C’est un moment de silence tendu qui s’est installé dans la salle d’audience de Manhattan lorsque Cassie Ventura, enceinte de son troisième enfant, a commencé à lire, d’une voix posée mais chargée d’émotion, les messages échangés avec Sean “Diddy” Combs. L’ancienne star du R&B, aujourd’hui témoin-clé dans le procès pour trafic sexuel du magnat du hip-hop, n’a pas seulement livré un témoignage accablant : elle a exposé leur intimité sur la place publique, confrontant son agresseur présumé à ses propres mots.
« Je ne suis pas une poupée de chiffon. Je suis la fille de quelqu’un », écrit-elle dans un SMS daté de 2016, après avoir été battue par Combs dans un hôtel de Los Angeles. Des mots qu’elle a relus elle-même à haute voix, sous les regards figés des jurés.
Ce moment fort intervient dans un procès tentaculaire, où Combs est accusé d’avoir organisé des orgies sous drogue — baptisées “freak-offs” — avec des escorts masculins, qu’il dirigeait en tant que spectateur tout-puissant. Cassie, qui affirme avoir été contrainte à participer à ces soirées durant des années, a expliqué à la barre qu’elle le faisait sous la menace de violences, de diffusions de vidéos sexuelles, et de chantage émotionnel.

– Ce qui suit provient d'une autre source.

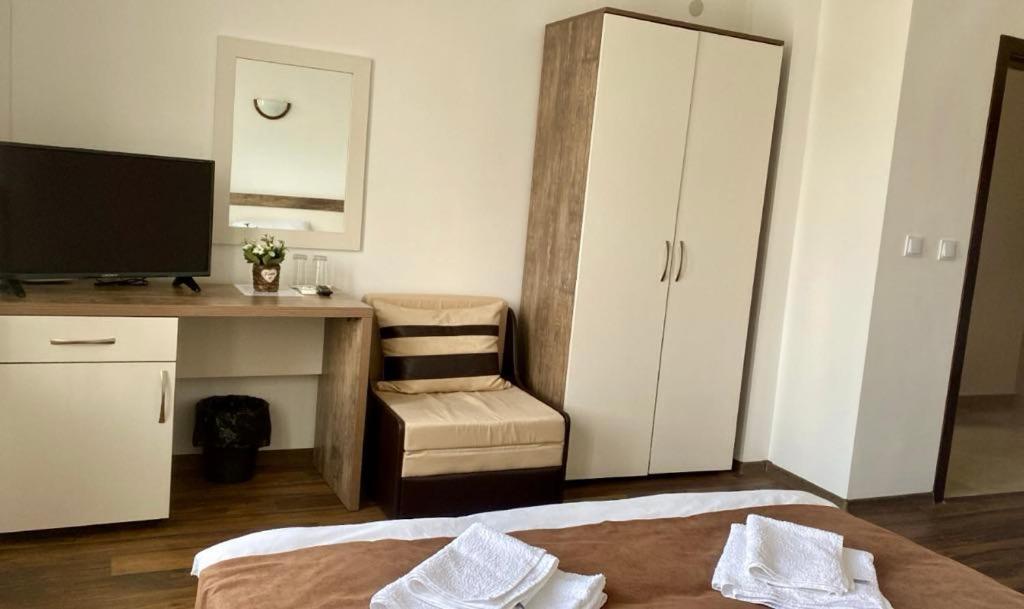 Бялата Къща Hotel Kirkovo  Buitenkant foto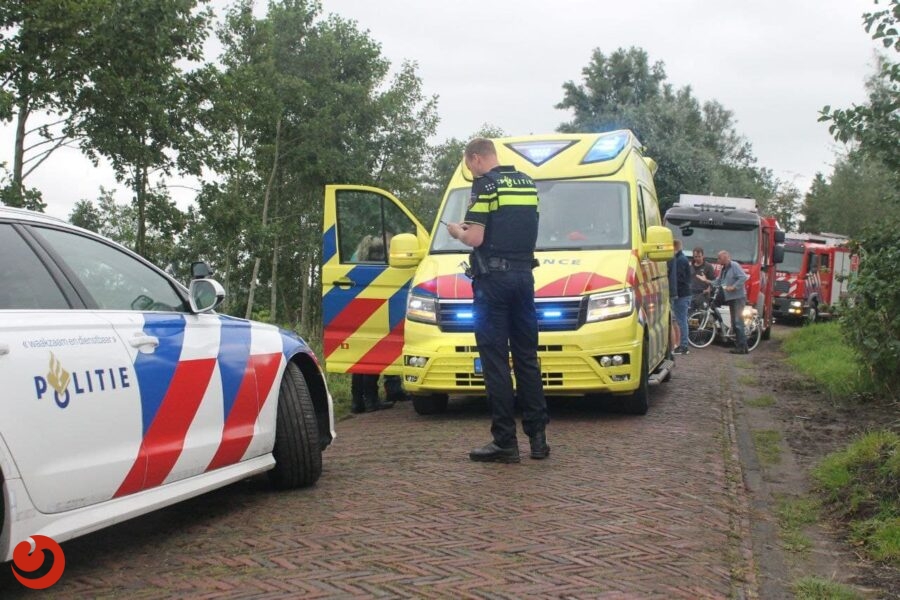Auto met drie dames op zijkant in sloot in De Westereen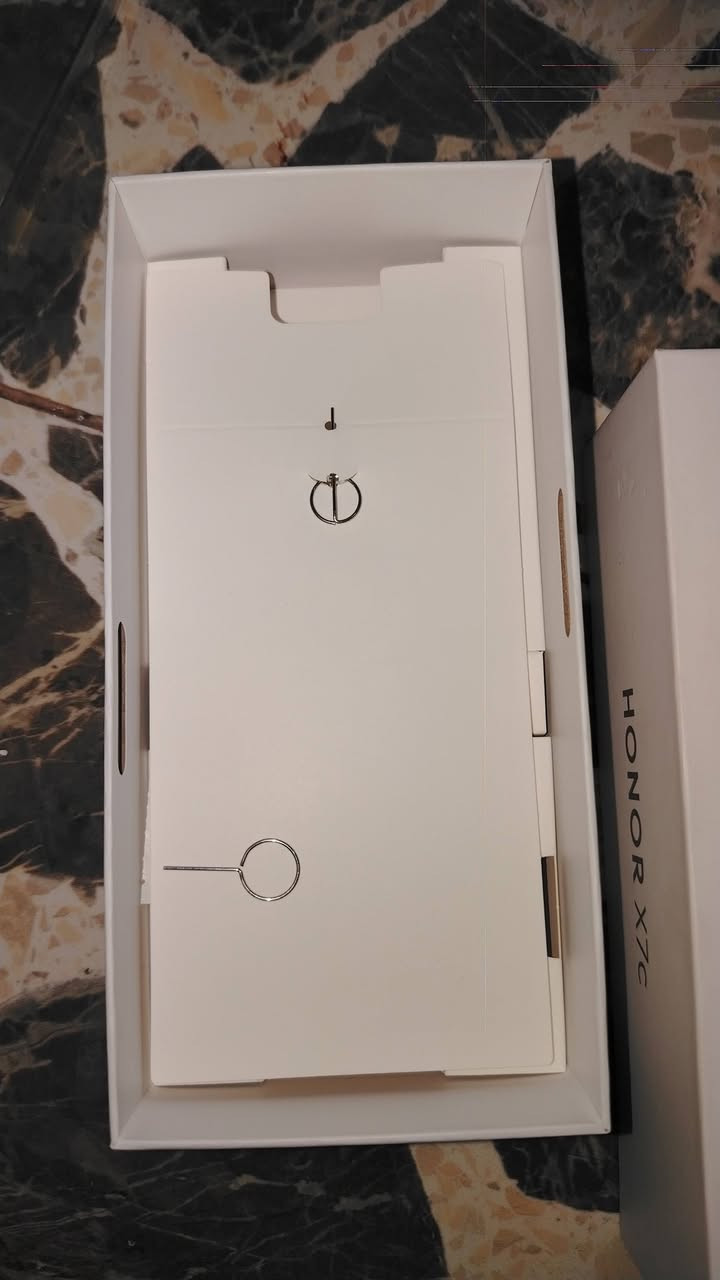 سلام عليكم
جهاز نوعHONORX7c
جهاز بعده جديد ونضيف بمعنه الكلمه كلشي مامبدل بي بعده شركه 
تجي تفحص وتاخذ وتشوف بعينك 
جهاز شحنه قوي اقل شي نص ساعه ويقبط تجي وتشوف بعينك 
الجهاز مستخدم  شهر و12يوم بعده جديد ويا غراضه 
السعر خاص مو شراي لا تجي ❓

La défense tente de dépeindre Cassie comme une partenaire consentante, en s’appuyant justement sur ces mêmes messages. Dans l’un d’eux, Combs lui écrit en 2012 : « Je veux un dernier freak-off ce soir. » — ce à quoi elle répond : « Je ne veux pas que ce soit la dernière fois. Je veux que ce soit la première du reste de notre vie. » Un échange que la défense a brandi comme preuve de consentement, mais que Cassie a recontextualisé en lisant d’autres messages, bien plus ambigus et douloureux : « Je veux te voir, mais je suis trop émotive… Je préfère ne rien faire plutôt que de le faire une dernière fois. »
Le témoignage de Cassie, qui a duré quatre jours, s’est conclu sur une série de révélations : une plainte réglée en 2023 contre Combs pour 20 millions de dollars, et un accord tout récent estimé à 10 millions de dollars avec l’hôtel où elle affirme avoir été agressée. Elle a aussi reconnu être restée en contact avec l’artiste après les faits, ce que la défense tente d’utiliser pour semer le doute.
Mais Cassie insiste : son silence, sa confusion et même ses retours vers Combs ne doivent pas être interprétés comme un consentement. « Plus je guéris, plus je me souviens. Et plus je me souviens, moins je peux oublier », a-t-elle déclaré à la fin de son audition.
Combs, incarcéré depuis septembre, nie les faits. Il risque jusqu’à 15 ans de prison s’il est reconnu coupable des chefs d’inculpation de trafic sexuel et de racket.